TASK PROMPT: Look below for the line containing "Item preview, Jefferson" and the line containing "hotel xcaret mexico", then set down both and every line between them exactly, without pictures.

THE RECORDS:
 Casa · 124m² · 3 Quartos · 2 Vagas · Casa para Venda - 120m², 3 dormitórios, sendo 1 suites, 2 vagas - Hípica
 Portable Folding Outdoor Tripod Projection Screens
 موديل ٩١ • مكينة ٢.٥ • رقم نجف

==

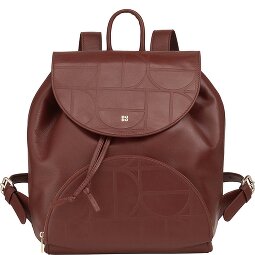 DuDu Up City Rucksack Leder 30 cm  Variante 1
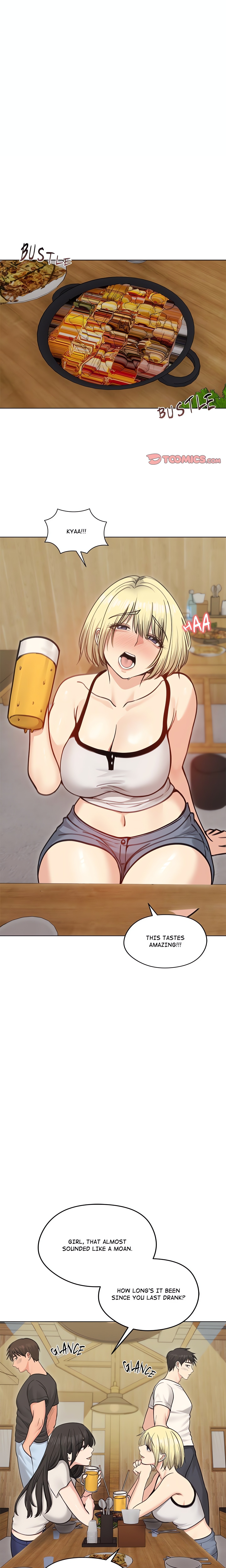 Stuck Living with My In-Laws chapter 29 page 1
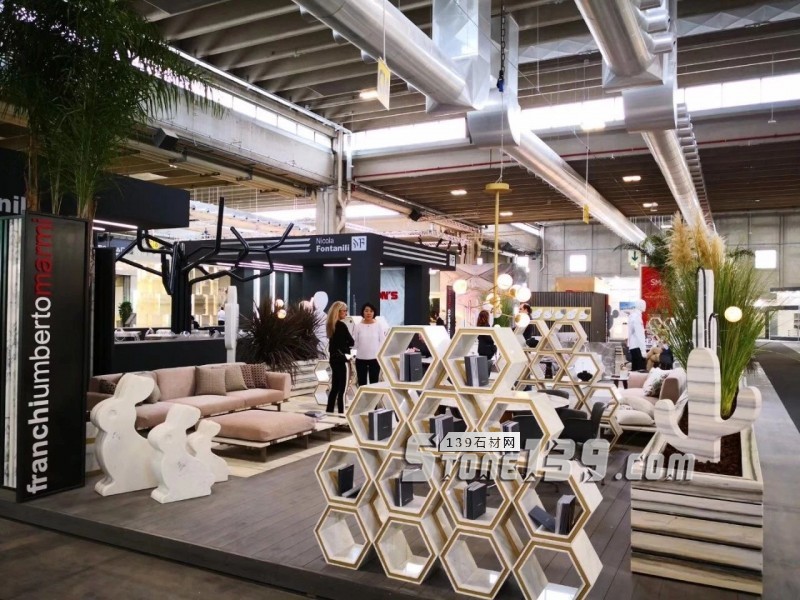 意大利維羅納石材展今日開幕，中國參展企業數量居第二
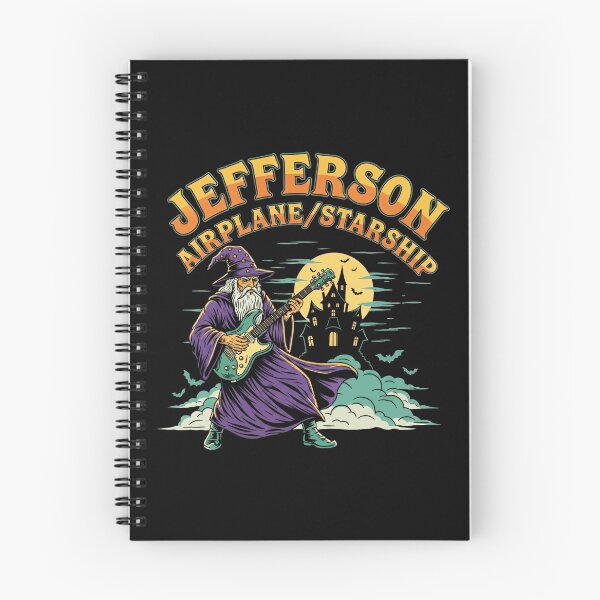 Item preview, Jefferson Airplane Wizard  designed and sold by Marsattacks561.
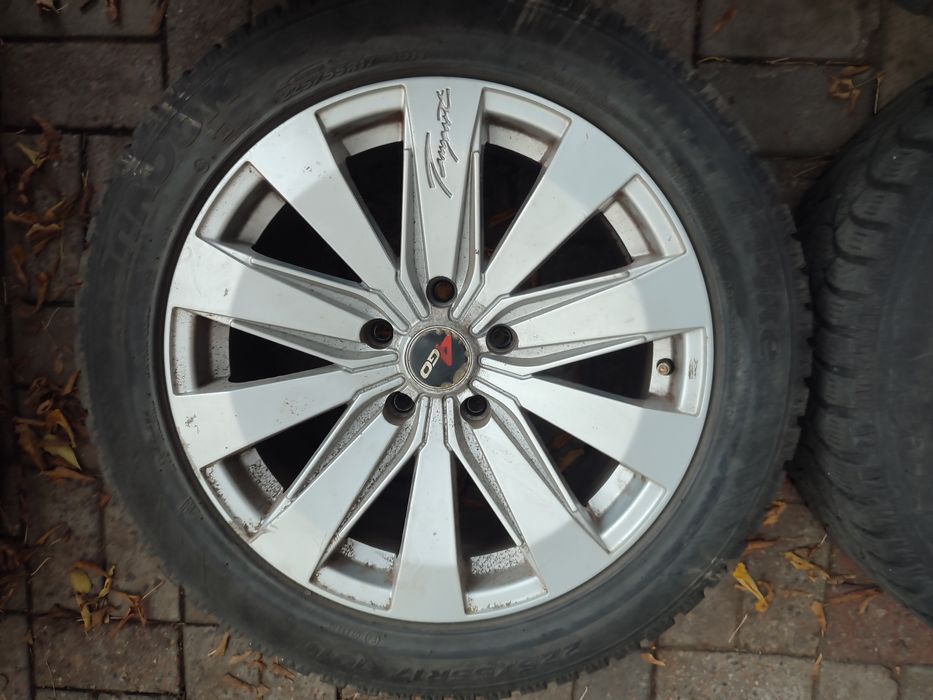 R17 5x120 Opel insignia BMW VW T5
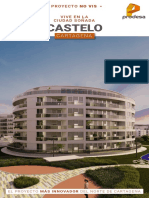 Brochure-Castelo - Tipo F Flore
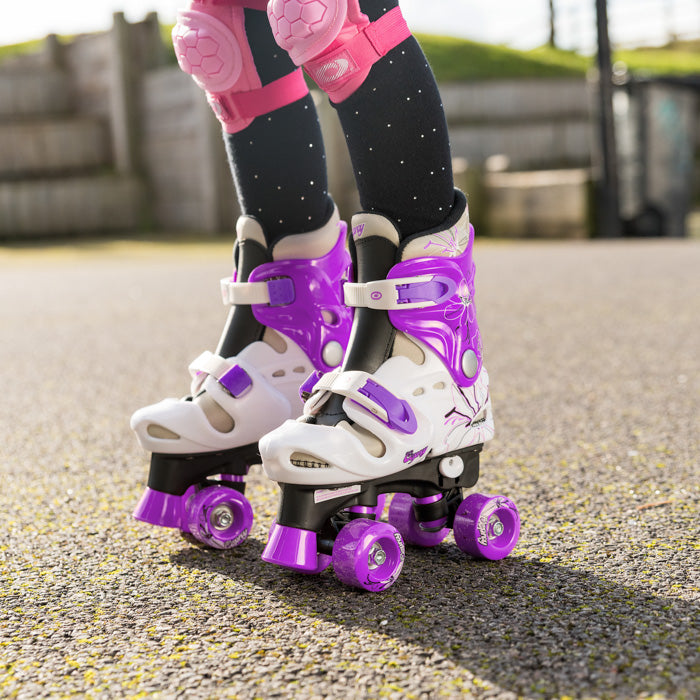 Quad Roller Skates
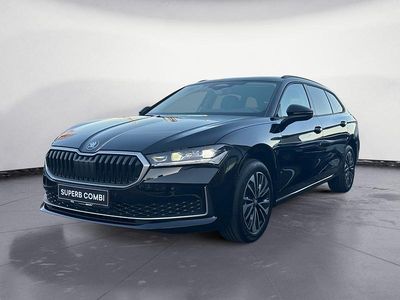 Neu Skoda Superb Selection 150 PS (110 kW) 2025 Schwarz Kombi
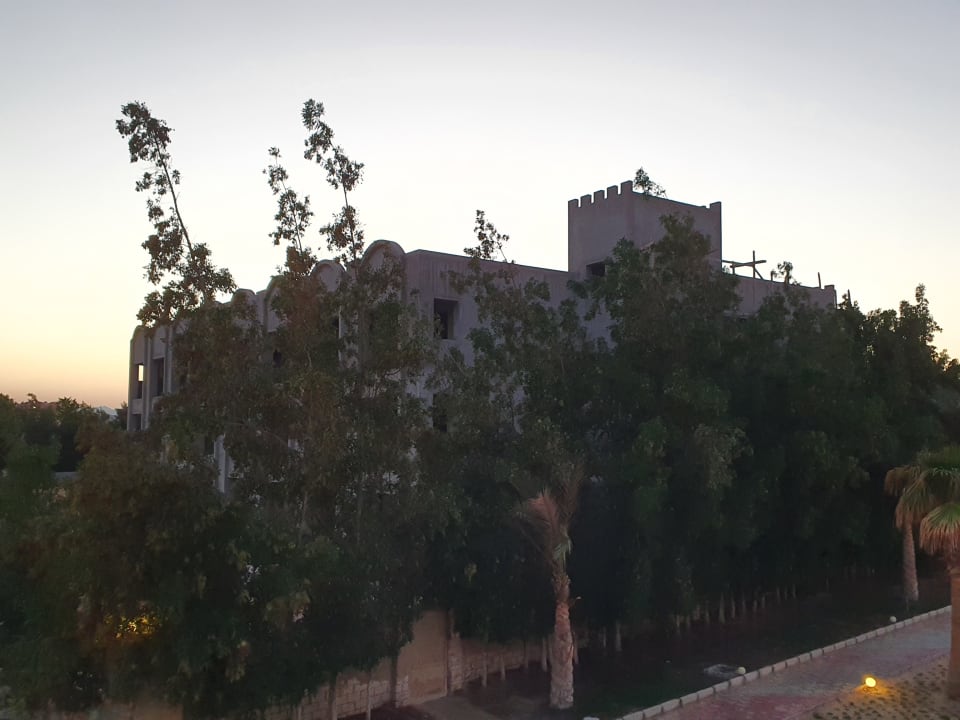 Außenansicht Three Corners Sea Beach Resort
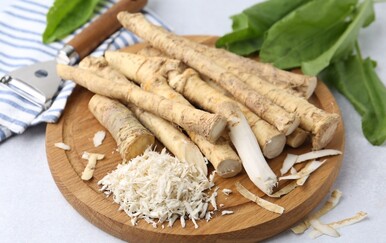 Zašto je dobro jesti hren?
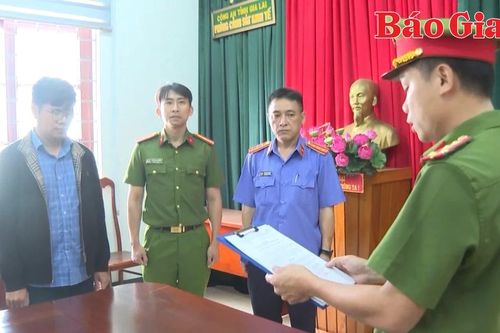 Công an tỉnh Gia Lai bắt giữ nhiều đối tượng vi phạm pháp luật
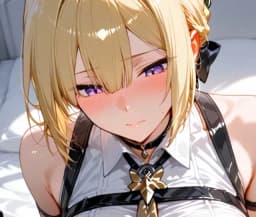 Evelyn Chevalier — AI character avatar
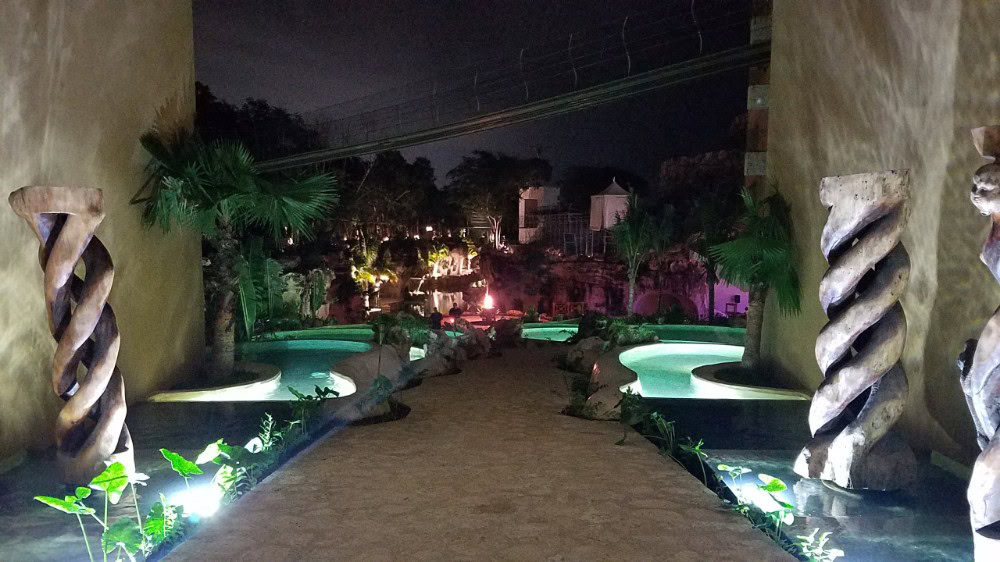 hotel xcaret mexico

...

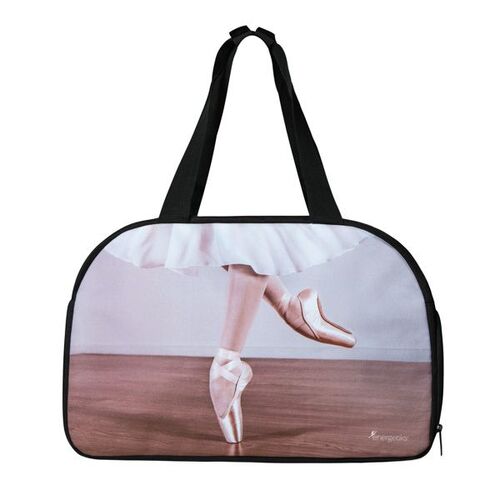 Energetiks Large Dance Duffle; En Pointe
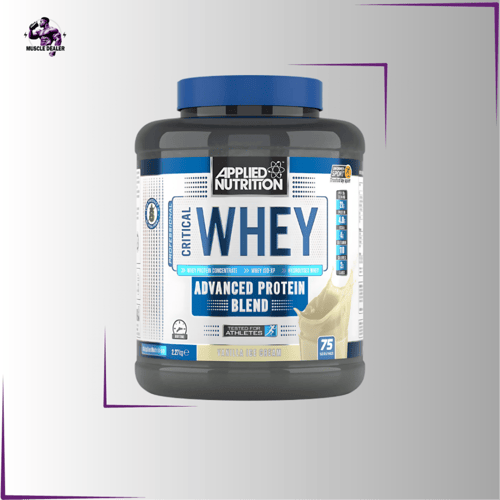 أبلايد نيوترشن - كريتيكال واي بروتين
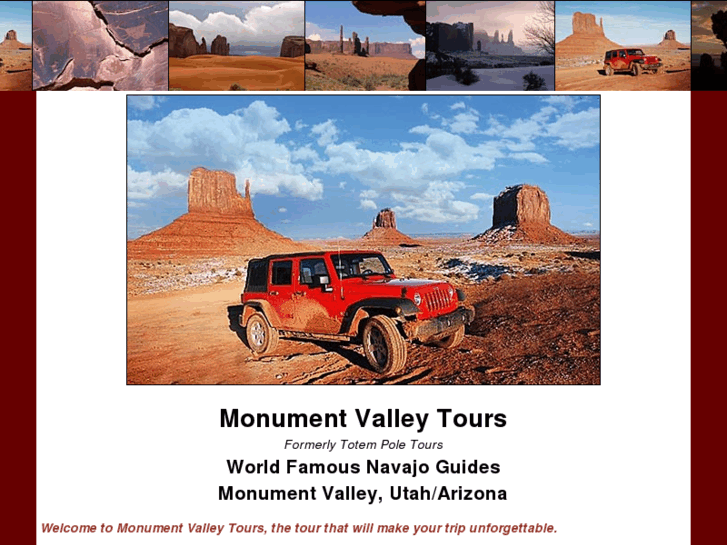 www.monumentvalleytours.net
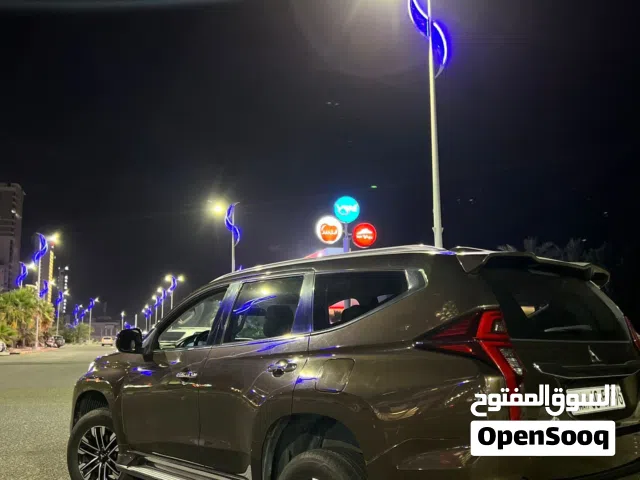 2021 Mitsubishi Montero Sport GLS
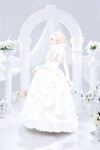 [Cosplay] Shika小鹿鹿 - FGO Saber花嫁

RESULT OF THE TASK:
 Item preview, Jefferson Airplane Wizard  designed and sold by Marsattacks561.
 R17 5x120 Opel insignia BMW VW T5
 Brochure-Castelo - Tipo F Flore
 Quad Roller Skates
 Neu Skoda Superb Selection 150 PS (110 kW) 2025 Schwarz Kombi
 Außenansicht Three Corners Sea Beach Resort
 Zašto je dobro jesti hren?
 Công an tỉnh Gia Lai bắt giữ nhiều đối tượng vi phạm pháp luật
 Evelyn Chevalier — AI character avatar
 hotel xcaret mexico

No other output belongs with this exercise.